About this task:
Scan the records below for the line with "My code is 41609573" and the line with "With your new", and retype that range exactly, both ends included, pictures excepted.

** Opening Available data block **

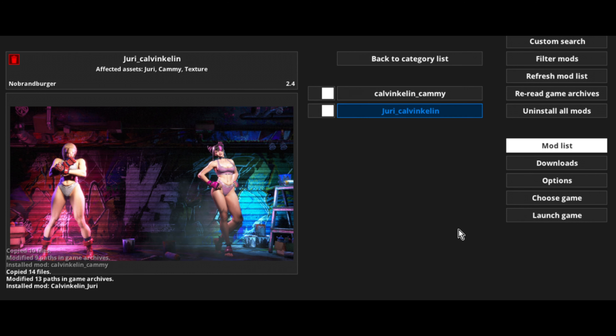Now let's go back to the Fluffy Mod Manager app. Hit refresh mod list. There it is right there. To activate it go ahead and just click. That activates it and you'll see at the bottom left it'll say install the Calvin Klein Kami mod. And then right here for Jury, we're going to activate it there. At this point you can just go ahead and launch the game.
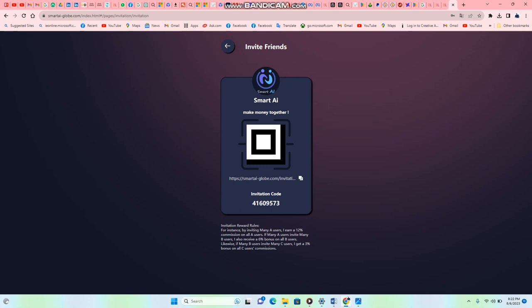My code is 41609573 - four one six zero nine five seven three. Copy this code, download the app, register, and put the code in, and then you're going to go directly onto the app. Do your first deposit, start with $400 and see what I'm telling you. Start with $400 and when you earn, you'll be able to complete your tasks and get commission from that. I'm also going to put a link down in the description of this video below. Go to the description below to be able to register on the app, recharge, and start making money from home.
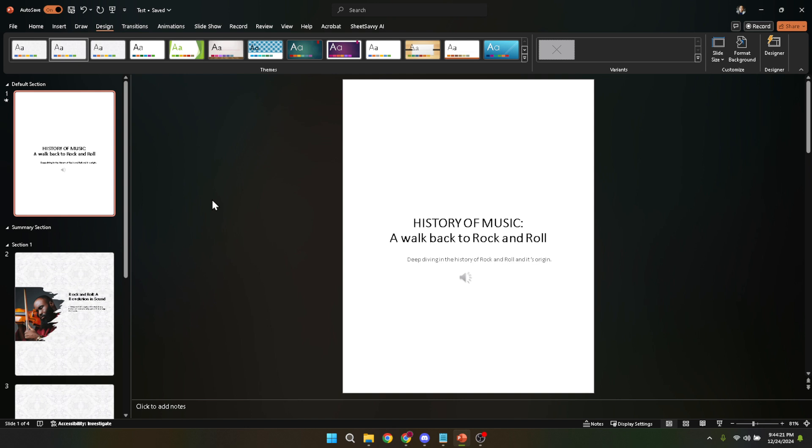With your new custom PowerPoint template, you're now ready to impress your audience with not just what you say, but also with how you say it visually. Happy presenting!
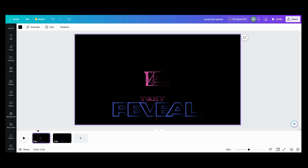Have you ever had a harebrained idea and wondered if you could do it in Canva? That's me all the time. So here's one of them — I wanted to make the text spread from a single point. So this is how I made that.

** Closing Available data block **
** Opening Available data block **

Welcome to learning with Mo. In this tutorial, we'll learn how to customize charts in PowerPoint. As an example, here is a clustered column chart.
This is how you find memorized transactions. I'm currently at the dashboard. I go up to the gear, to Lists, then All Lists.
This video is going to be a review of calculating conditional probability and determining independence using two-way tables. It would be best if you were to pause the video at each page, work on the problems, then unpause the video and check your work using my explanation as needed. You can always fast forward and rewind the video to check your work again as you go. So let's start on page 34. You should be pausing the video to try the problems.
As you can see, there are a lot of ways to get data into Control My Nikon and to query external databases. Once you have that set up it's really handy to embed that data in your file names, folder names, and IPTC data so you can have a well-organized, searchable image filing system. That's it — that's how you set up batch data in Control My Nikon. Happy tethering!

** Closing Available data block **

Expected output:
My code is 41609573 - four one six zero nine five seven three. Copy this code, download the app, register, and put the code in, and then you're going to go directly onto the app. Do your first deposit, start with $400 and see what I'm telling you. Start with $400 and when you earn, you'll be able to complete your tasks and get commission from that. I'm also going to put a link down in the description of this video below. Go to the description below to be able to register on the app, recharge, and start making money from home.
With your new custom PowerPoint template, you're now ready to impress your audience with not just what you say, but also with how you say it visually. Happy presenting!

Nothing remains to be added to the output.